Today I will not fear change and new ways of seeing or being.  I will not hold discomfort at arm’s length.  Without fear of the learning’s impact on my life I will let insights openly come so the lesson being taught can find me   I am grateful for the new perceptions that will help me to do just that.

Growth means change and change involves risk,
stepping from the known to the unknown.
Anonymous

To Love More and Be Happy

A company business trip took me to the Florida for most of the week.  The trip was completed with a stop in Alabama to visit family for a couple of nights.  As much as I no longer find business travel to be enjoyable, the first part of the trip was more than a fair trade-off  to see my Brother, his wife and my niece.

Arriving home late yesterday afternoon I was near a walking zombie.  The meetings of the week started early and the evening dinners went late.  Arriving home my state was near exhaustion.  Too tired to unpack and too wired to go to bed at 7pm, I turned on the cable box to find something interesting to unwind and decompress with.  I ended up on pay-per-view stumbling across a documentary called “I Am” by Tom Shadyac who directed movie comedies such as “Ace Ventura:  Pet Detective” “Patch Adams” and “The Nutty Professor”.

For some people there are events that happen which are deeply life changing.  For Shadyac it was post-concussion syndrome after a 2007 bicycle accident in Virginia.  A 2011 New York Times article stated that: the symptoms of a concussion (didn’t) go away. Something as simple as a trip to the grocery store was painful for Shadyac, whose brain was unable to filter various stimuli. After medical treatments failed to help, he isolated himself completely, sleeping in his closet and walling the windows of his mobile home with black-out curtains. As his symptoms finally began to subside, the director wanted to share his inner quest in the way he knew best: through film. 
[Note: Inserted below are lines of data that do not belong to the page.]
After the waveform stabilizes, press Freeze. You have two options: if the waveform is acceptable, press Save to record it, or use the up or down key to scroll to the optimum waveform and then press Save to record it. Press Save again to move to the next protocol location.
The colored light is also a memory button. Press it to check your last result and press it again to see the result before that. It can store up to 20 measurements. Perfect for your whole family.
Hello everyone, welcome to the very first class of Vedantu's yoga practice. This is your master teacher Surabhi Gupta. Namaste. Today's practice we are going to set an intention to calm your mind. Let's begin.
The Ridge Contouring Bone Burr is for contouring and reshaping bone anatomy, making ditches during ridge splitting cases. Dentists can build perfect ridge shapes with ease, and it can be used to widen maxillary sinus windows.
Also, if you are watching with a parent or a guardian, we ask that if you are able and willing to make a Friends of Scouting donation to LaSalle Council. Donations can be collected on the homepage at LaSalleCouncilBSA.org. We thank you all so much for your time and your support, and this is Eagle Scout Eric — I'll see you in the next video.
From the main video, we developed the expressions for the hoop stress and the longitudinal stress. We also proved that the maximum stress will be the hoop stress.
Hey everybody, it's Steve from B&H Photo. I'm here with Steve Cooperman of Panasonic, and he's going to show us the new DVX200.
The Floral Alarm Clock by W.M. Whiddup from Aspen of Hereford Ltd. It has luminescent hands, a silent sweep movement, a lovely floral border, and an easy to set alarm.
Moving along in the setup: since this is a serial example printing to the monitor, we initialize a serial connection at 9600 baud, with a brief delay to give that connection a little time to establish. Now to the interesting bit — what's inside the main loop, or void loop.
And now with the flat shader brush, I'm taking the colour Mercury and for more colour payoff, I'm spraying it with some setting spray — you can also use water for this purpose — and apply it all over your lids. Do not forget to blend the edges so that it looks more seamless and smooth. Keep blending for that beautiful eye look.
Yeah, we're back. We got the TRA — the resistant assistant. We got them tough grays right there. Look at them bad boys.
Shadyac gave away much of his fortune mostly through donations to worthy causes.  He reoriented and simplified his life, sold his 17,000-square-foot home and moved into a trailer park in Malibu.  Some think he “lost it” but after watching his documentary I think his experience enabled him to “get it”!

In the film, Shadyac does interviews with scientists, religious leaders, environmentalists, and philosophers focusing on two questions:   “What’s Wrong With the World?” and “What Can We Do About it?”  The documentary is about “human connectedness, happiness, and the human spirit” and explores the nature of humanity and our world’s ever-growing addiction to materialism.  In the trailer for the film Shadyac says he went looking for what was wrong with the world and found instead a lot of what was right about it.

Although some reviewers have not thought kindly of Shadyac’s documentary, I was moved to tears by what I saw and heard.  I don’t think he worries much about what others think as Tom Shadyac has found his own personal truth, something most people never even brush up against, much less tell the whole world about.  As the centuries-old wisdom in the “I Ching” says before a brilliant person begins something great, they must look foolish in the crowd.

Here’s are some of Tom Shadyac’s favorite quotes that shed light on his point of view and that of the documentary:  

“…Our life might be much easier and simpler than we make it…Why need you choose so painfully your place, and occupation…? Place yourself in the middle of the stream of power and wisdom which animates all whom it floats, and you are without effort impelled to truth, to right and a perfect contentment.”

“Study to overcome that in yourself which disturbs you most in others.”

“We don’t see things as they are. We see them as we are.”

“When we let our own light shine, we unconsciously give other people permission to do the same. As we are liberated from our own fear, our presence automatically liberates others.”

The final essence I am left with now some twelve hours after seeing Tom Shadyac’s “I Am” documentary is my life is better when I am guided more by my heart than my mind.  Within my feelings are the strongest and truest connections to my most authentic self.  I have known for a good while my mind spins falsehood and fabrication with regularity, but my heart rarely does.  The key for me is to tune out my egoic mind’s loud and constant talking when I can in order to hear and feel the soft voice of my heart.  While my practice of that wisdom is far from perfect, my gratitude is large to simply have knowledge of it.  I get better at living it every day. 

link to film website and trailer for “I Am”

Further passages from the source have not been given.